DIRECTIONS FOR THIS TASK:
When you copy the data, keep every word exactly as it is and leave the pictures out.

PROVIDED MATERIAL:
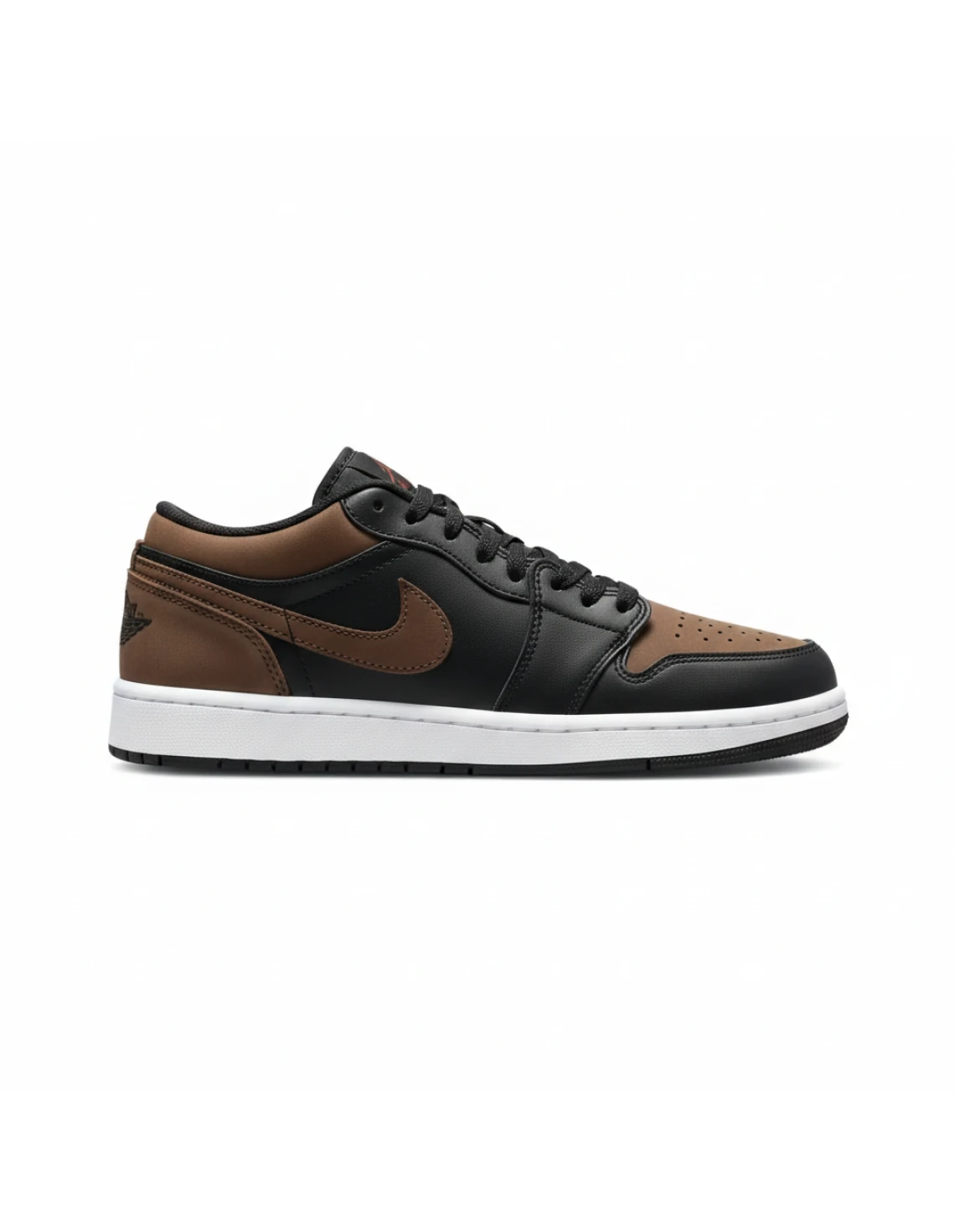 کتونی روزانه مردانه نایک Nike Air Jordan 1 Low LX M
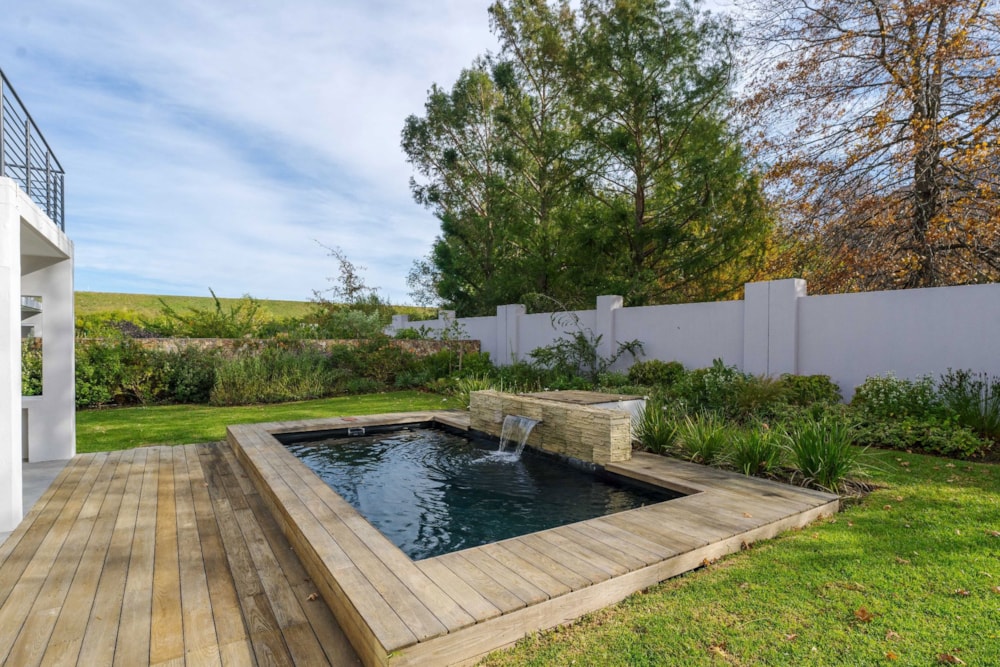 House for sale in Natures Valley, Plettenberg Bay - SW1742079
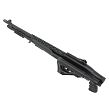 Strzelba Pump-Action Armsan RS-X3 Black 61cm 9+1 // 12/76 - 7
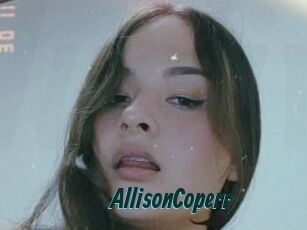 AllisonCoperr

OUTPUT OF THE EXERCISE:
 کتونی روزانه مردانه نایک Nike Air Jordan 1 Low LX M
 House for sale in Natures Valley, Plettenberg Bay - SW1742079
 Strzelba Pump-Action Armsan RS-X3 Black 61cm 9+1 // 12/76 - 7
 AllisonCoperr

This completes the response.